Your practice plan might complement your horse show classes, rotating through the essential manoeuvres needed for horsemanship patterns, trail obstacles, and ranch riding classes. Photo: Peter Bruce
My lessons and training sessions often cycle through the “4 Ps” — my favourite drills for:
- Pace (transitions within and between gaits)
- Path (lateral movements)
- Package (connection, collection)
- Position (rider equitation fixes)
Practice the tough stuff. We all gravitate toward rehearsing things that come easily and avoiding things we struggle with. Many of us cringe at critiquing ourselves on video, yet playing and rewinding is an excellent teaching tool. Zoom in on the areas that don’t match the standard you were hoping for — your horse’s tense expression, your tense wrists. Design a lesson plan to reshape these areas into the picture you have in your mind. Practice trickier turns or tighter lines than required in classes at your level. When you ride up a level at home, the course, pattern, or test at the show will seem elementary by comparison. Overpreparing allows you to go with the flow at the show!
Practice with different equipment. I use poles and pylons in most of my lessons. Markers make us decisive — do it here; do it now. Markers reveal weak spots in training. I may not be as straight as I thought. Trail obstacles, tarps, flags, jumps, even cattle build your horse’s tolerance and patience and dial up the fun-factor.

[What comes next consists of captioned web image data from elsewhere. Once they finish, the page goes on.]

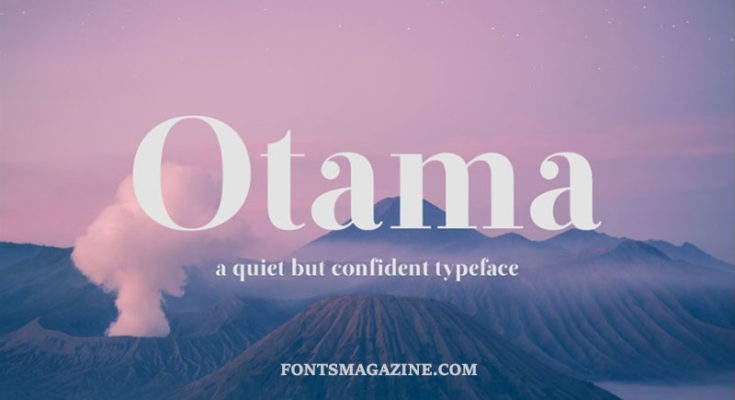 Otama Font Family Free Download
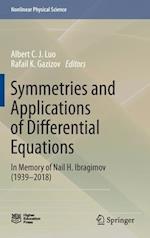 Symmetries and Applications of Differential Equations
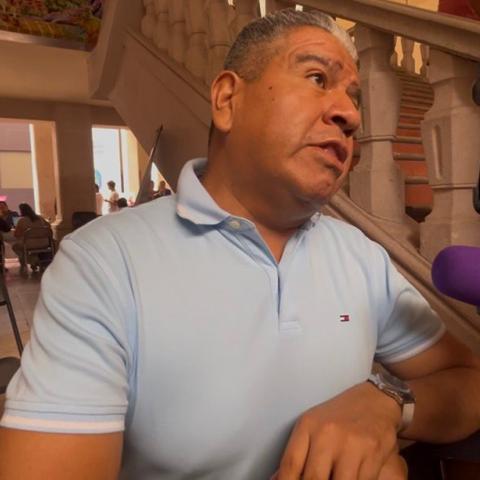 Moisés de Luna Martínez, Dir. Justicia Cívica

Practice in different environments. Yes! Your horse has grasped the lesson. Now, do it here… and here. Take it to the outdoor ring, down the driveway, or off property. Perform the skill in the midst of distraction — in a crowded arena or all alone (even with his buddies whinnying outside). A skill isn’t learned until it works every time, everywhere.
Time off. Pushing ourselves creates stress, and stress is a good thing because it stretches us out of our comfortable ruts. Stretching and pushing builds physical and mental muscle — as long as it’s balanced by rest. We all benefit from a vacation now and then — standing breaks within each training session; weekly breaks from schooling. I’ve found that short seasonal breaks from horses are good for me, too. I look forward to getting back in the saddle and returning with more positive energy and creative solutions to training problems.